En 2013, Marie Soulié, professeure de français au collège Daniel Argote à Orthez, présentait à Nantes au Forum des enseignants innovants un projet qui obtenait le prix du public : l’animation par les collégiens d’une agence de communication. En 2014, elle participe avec Aurore Coustalat, professeure d’anglais dans le même établissement, au Global Forum de Barcelone. C’est l’occasion de témoigner à nouveau de la belle dynamique d’une expérience, qui déborde désormais sur tout un travail d’équipe et s’est même prolongée par la création d’une webradio. C’est l’occasion de diffuser à nouveau la pertinence du projet qui confie aux élèves une mission d’importance : communiquer sur les réussites et spécificités de leur collège en utilisant différents médias (Web Tv, Web radio, réseaux sociaux, site internet, journal). En participant à l’agence « i-média », les élèves, tous volontaires, tous avec un profil particulier, non seulement s’éduquent aux médias, mais apprennent à mieux communiquer, reprennent confiance en eux-mêmes, et retrouvent, par les liens qu’ils tissent, une place à l’intérieur de l’école. Interview à deux voix.
Qu’est-ce que l’agence « i-média » ?
I-média est une agence de communication créée dans un collège dans le cadre d’une classe projet média. Les élèves ont tous été volontaires et ont un profil particulier (élèves en grande difficulté, élèves décrocheurs, troubles du langage, problèmes liés au comportement, manque de confiance). Leur mission est de communiquer le plus possible sur les réussites et spécificités de leur collège en utilisant tous les médias (Web Tv, Web radio, réseaux sociaux, site internet, journal). Les objectifs visés pour ce groupe sont de sentir l’appartenance à un groupe uni, recréer du lien avec les adultes, reprendre confiance et évidemment communiquer.

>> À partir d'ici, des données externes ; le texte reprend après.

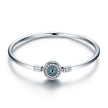925 Sterling Silver Bracelets Size 17.0 for Women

Pouvez-vous donner des exemples précis de productions réalisées par les élèves ?
Les élèves ont déjà créé leur logo, leur site internet, leur page Facebook, ils ont également réalisé des émissions radios et sont en train de créer leur propre chaine de télévision avec un JT tous les 15 jours, un bulletin météo, une émission sportive … Toutes ces productions sont visibles sur notre site.
De nouveaux contrats et partenaires ont été trouvés. Par exemple, nous sommes invités en octobre 2014 au Salon du livre à Orthez pour y produire une émission de radio avec animation des débats, restitutions de lectures, interview d’auteurs et illustrateurs, plateau sur le salon… Pour la rentrée prochaine, les élèves vont aussi fabriquer un livret d’accueil pour les nouveaux enseignants, se faire eux-mêmes VRP de leur établissement auprès des professeurs !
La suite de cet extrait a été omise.